Spatio-Temporal Deepfake Detection: A CNN-RNN Hybrid Approach for Image and Video Forgery Identification
Main Article Content
Abstract
The proliferation of AI-generated synthetic media, commonly known as deepfakes, poses a grave threat to digital security, public trust, and information integrity. Despite the existence of numerous detection frameworks, many suffer from limited generalizability, lack of interpretability, and poor performance against high-quality forgeries. This paper presents a spatio-temporal deepfake detection system that integrates Convolutional Neural Networks (CNNs) for spatial artifact extraction with Recurrent Neural Networks (RNNs) and Long Short-Term Memory (LSTM) units for temporal inconsistency modeling.

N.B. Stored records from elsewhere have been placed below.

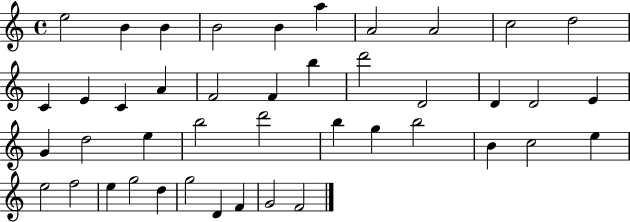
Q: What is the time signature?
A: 4/4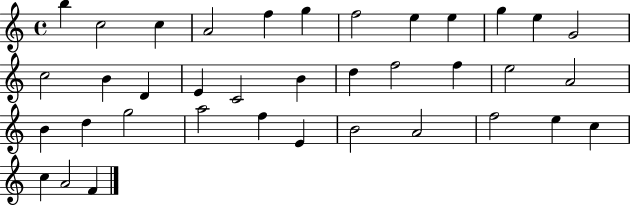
B5/q C5/h C5/q A4/h F5/q G5/q F5/h E5/q E5/q G5/q E5/q G4/h C5/h B4/q D4/q E4/q C4/h B4/q D5/q F5/h F5/q E5/h A4/h B4/q D5/q G5/h A5/h F5/q E4/q B4/h A4/h F5/h E5/q C5/q C5/q A4/h F4/q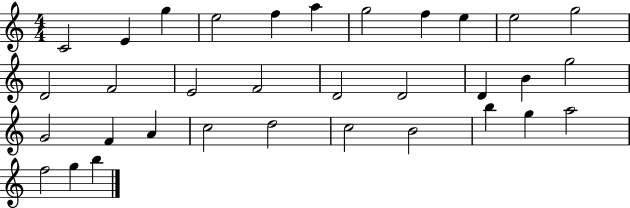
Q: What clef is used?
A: treble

The system employs MTCNN-based face extraction followed by VGG16/VGG19 backbone networks for per- frame analysis, and leverages the Deepfake Detection Challenge (DFDC) dataset with careful class balancing to overcome dataset bias and fake-accuracy pitfalls. Experimental results demonstrate that the hybrid spatio- temporal approach significantly outperforms single-modality baselines, achieving robust detection across varying lighting conditions, compression levels, and face resolutions. The proposed framework lays the foundation for a real-time multimodal deepfake authentication system integrating audio-visual synchronization analysis.